Is War the Climate Crisis We're Not Talking About?

We spend a lot of time talking about the things we can control. The plastic you didn't buy this week. The shampoo bar that replaced three bottles. The compost bin sitting quietly on your balcony. Small, daily, hopeful acts, the kind that say “I believe there is a future worth protecting”.

And then you look up. And you see what's happening in the world.

War is one of the most ecologically destructive forces on the planet. Not metaphorically. Literally. Conflicts devastate forests, contaminate water systems, release catastrophic amounts of carbon into the atmosphere, and leave behind landscapes that take generations, sometimes centuries to recover. 

The UN Environment Programme found that over the last 60 years, at least 40% of all internal conflicts have been linked to the exploitation of natural resources. Land that stored carbon for hundreds of years, gone. Ecosystems that took millennia to build, fractured in months. And the communities closest to the land, the ones who contributed least to the crisis and understand most intimately what's being lost, bear the cost first and longest.

We find that hard to sit with. We hope you do too.

Artificial Intelligence for war? What if we used it differently?

We have, right now, today, one of the most important tools in human history which can help us mitigate climate change.  Artificial intelligence, and we say this as people who believe in using technology for good is extraordinary.

It can predict extreme weather events before they strike. It can track deforestation in real time, identify the most damaged ecosystems, and deploy restoration at a scale no human team ever could. It can optimise energy grids, accelerate the discovery of sustainable materials, help farmers adapt to rainfall patterns that no longer behave the way their grandparents taught them to read.

Instead, a growing share of the world's AI investment, talent, and infrastructure is being funnelled into military systems. Smarter surveillance. Faster targeting. More efficient conflict. The same technology that could map a coral reef's recovery is being pointed somewhere else entirely.

We're not here to tell you who's right and who's wrong in any of it. 

But we are here to say: the opportunity cost is the planet. Every billion that goes into building smarter weapons is a billion not building smarter grids, greener cities, or more resilient food systems. Every year we delay the green transition is a year we don't get back.

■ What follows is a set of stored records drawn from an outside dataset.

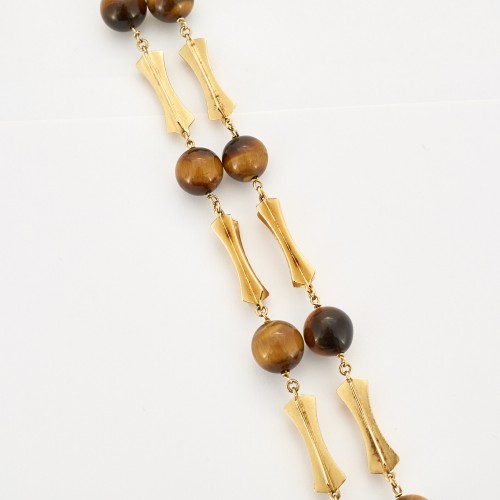 Antique Jewellery  - GOLd long necklace tiger eye circa 1970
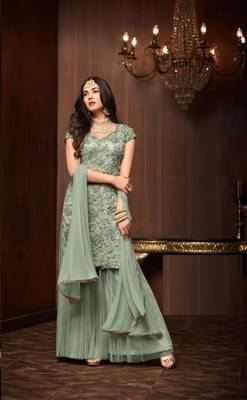 Green moti net salwar 1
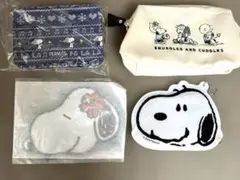 スヌーピー ポーチとスタンプ　4点セット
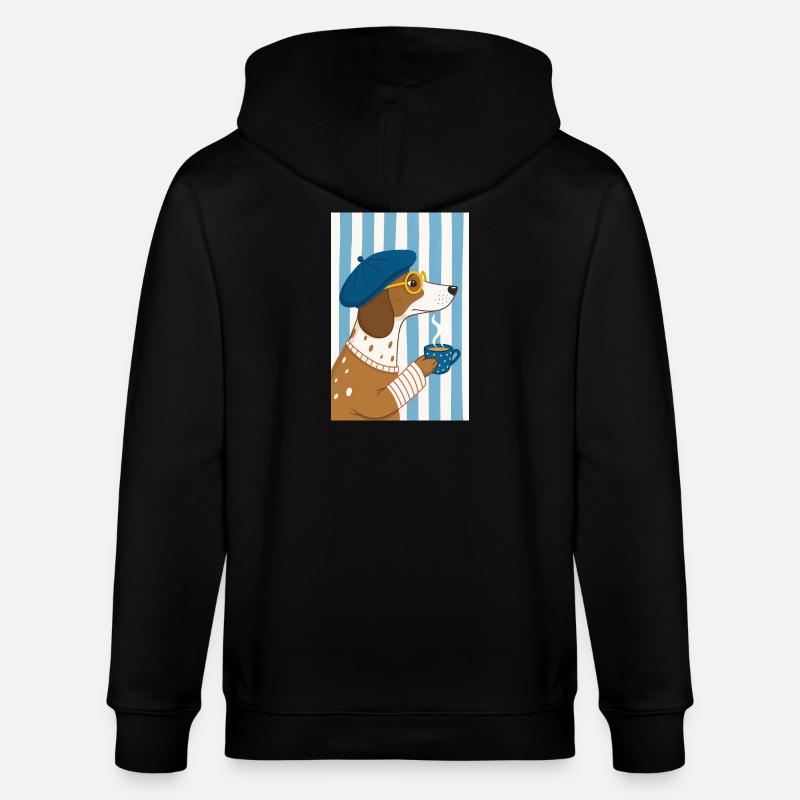 Chien chic café et béret - Veste à capuche bio CULTIVATOR Stanley/Stella Unisexe - noir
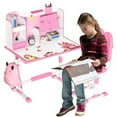 thumbnail image 2 of Kids Study Desk with Chair - Height Adjustable Children Table and Chair Set, Kids Homework Desk for Bedroom, Ergonomic School Writing Tables with Large Writing Board, Ideal Gifts for Girls 6-12, 2 of 7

At Bare Necessities, we started with a very simple idea: that the things you use every day shouldn't cost the earth. Literally. And we still believe in the power of small, consistent, individual choices, genuinely.

But we also believe in being honest. In not pretending that bamboo toothbrushes alone will close the gap. In saying out loud that the biggest levers of climate action are not in your bathroom cabinet, they're in policy rooms, funding decisions, and choices about what our most powerful technologies are built to do.

You can't recycle your way out of a burning world. But you can refuse to look away from what's doing the burning.